Solo una sana e consapevole unione fiscale salva l’euro dallo stress e dall’azione statale. E grazie alla crisi questo miracolo ormai è in vista.
Eccola qui la morale di un robusto studio presentato dal Fondo monetario internazionale che si intitola “Toward a fiscal union for the euro area”, che è un po’ un bignami di tutto quello che abbiamo letto e sentito in questi ultimi anni e anche un possente documento di analisi destinato di sicuro a trovare udienza benevola sui tavoli della politica europea, compresa la nostra, ammesso che trovi il tempo di occuparsi di qualcosa che abbia un senso.
Meglio perciò leggerlo, almeno sappiamo cosa ci aspetta.

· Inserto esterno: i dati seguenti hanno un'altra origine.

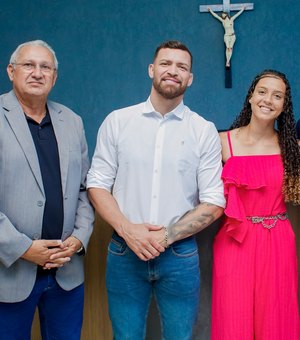 Prefeito Marcelo Beltrão prestigia homenagem a atletas coruripenses na Câmara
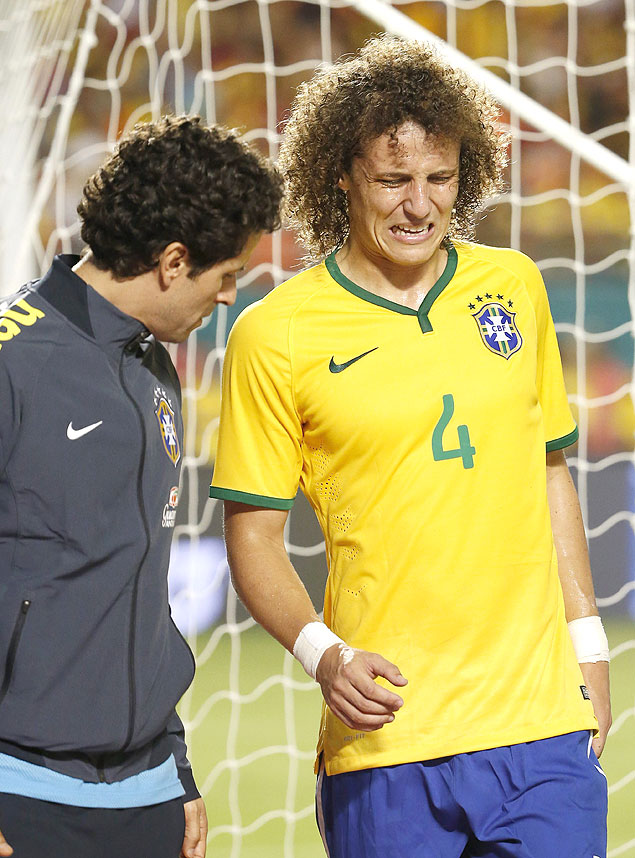 O zagueiro David Luiz deixa o campo aps sentir uma leso no jogo contra a Colmbia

“La crisi – scrive il Fondo – ha rivelato un gap critico nell’UEM: la capacità degli shock subiti da un singolo paese di propagarsi in tutta l’eurozona, mettendo in discussione anche la moneta unica”.
L’avreste mai detto?
Da qui la domanda: una più profonda integrazione fiscale può servire a correggere la debolezza dell’architettura europea?
Voi che dite?
Il Fondo osserva che sono già stati fatti alcuni passi in questa direzione. Ma, suggerisce, è il momento di fare qualcosa di più.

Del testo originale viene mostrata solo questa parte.